4 City states in its appellate brief that Department did not have jurisdiction to hear Springer’s claim because Springer was an “exempt employee” under 40 O.S. 1991 § 165.1 [40-165.1] (3). First, City has presented no authority or argument regarding how or why this contention applies to this case and divests Department of jurisdiction to hear Springer’s wage claim. Second, this issue was not raised either in district court or in the agency hearing. City has waived review of this issue by this Court.

5 Section 165.7 [40-165.7] was amended by O.S.L. 1993, Ch. 263, § 3, effective May 27, 1993. As amended, the statute sets forth in more detail, the powers of the Commissioner of Labor with regard to wage claims, including the collection of claims through administrative proceedings. Subsection G of 40 O.S.Supp. 1995 § 165.7 [40-165.7] provides: “The remedies provided by Sections 165.1 [40-165.1] through 165.11 [40-165.11] of this title shall be additional to and not in substitution for and in no manner impair other remedies. Additionally, one or more individuals who are aggrieved by violation of any provision of Sections 165.1 [40-165.1] through 165.11 [40-165.11] of this title shall be entitled to bring an action in his or their own name to enforce the provisions of such sections.”

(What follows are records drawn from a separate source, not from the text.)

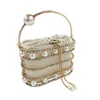 Torby na zakupy Pearl Women s Diamond Dinner Kosmetyczne Crossbody Hardware Bird Cage Internet Celebrity Same Style 220314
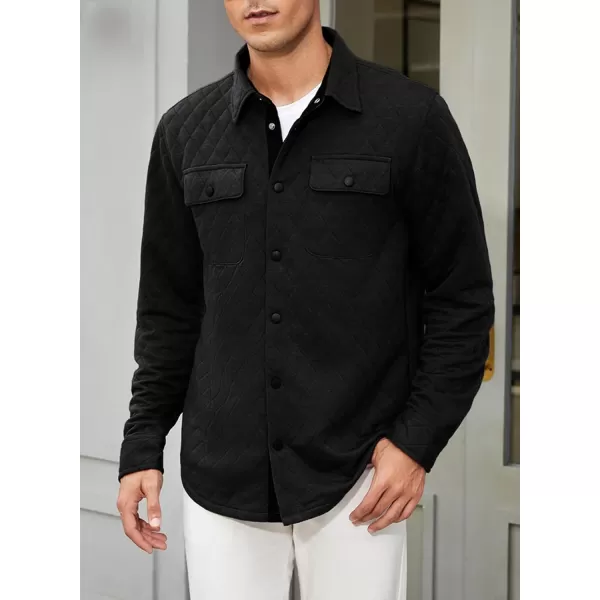 JMIERR Mens Quilted Shirt Jackets Casual Long Sleeve Snap Button Down Shirts with Pockets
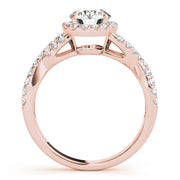14K Rose Gold 1.5 ctw Diamond Halo Engagement Ring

6 The settlement agreement provides: “The parties stipulate that this release in no way affects or compromises Plaintiff’s labor proceedings, as set forth in the case of In re Wage Claim of Robin Springer, Case No. 935-1299-DL, which has been appealed to Tulsa County District Court, Case No. CJ-95-1754, nor does it act as a set-off for any damages claimed, nor any judgment awarded therein.”

7 The case cited by City, Haworth Board of Education of Independent School District No. 1-6, McCurtain County v. Havens, 637 P.2d 902 (Okla. App. 1981), is distinguishable. In Havens, a superintendent was hired and his contract approved during a meeting which violated the Open Meeting Act. The Court determined the employment contract was void.

8 Both parties admit the trial court erred in its finding in the order that Springer’s contract stated “The employment agreement will be renewed annually beginning July 1st of each year.” This language is not contained in the contract. City admits that if this finding had been accurate, its claim of an Art. X § 26 violation would not apply.

9 Art 10, § 26 [10-26] provides in part that “nothing in this section shall prevent, under such conditions and limitations as shall be prescribed by law, any school district from contracting with: (a) certificated personnel for periods extending one (1) year beyond the current fiscal year, or (2) a school superintendent for periods extending more than one (1) year, but not to exceed three (3) years beyond the current fiscal year.” See Attorney General Opinion No. 80-272 (1980) and 70 O.S.Supp. 1995 § 6-101 [70-6-101].

10 This is almost identical to the contract which City made with one Webb, Springer’s successor to the city manager position. The Webb contract is dated September 27, 1993 and provides that employment shall commence on October 16, 1993 and continue until June 30, 1994. The one-year automatic extension of the contract runs from July 1, 1994 and thereafter for terms of one year subject to the written notice of nonrenewal 90 days “before the anniversary date of this Agreement.”

11 We can find nothing in the record to indicate City presented argument to either the Department or the district court on review, regarding whether Springer was or was not an “employee at will” and/or how this issue relates to the wage benefits he was awarded by the Department’s order. Generally, issues not presented to the trial court are not proper for review by this Court. Bane v. Anderson, Bryant & Co., 786 P.2d 1230, 1236 (Okla. 1989). Furthermore, we refuse to consider assignments of error, unsupported by convincing argument or authority, unless it is apparent, without further research, that they are well taken. James v. State Farm Mutual Automobile Insurance Company, 810 P.2d 365, 371 (Okla. 1991).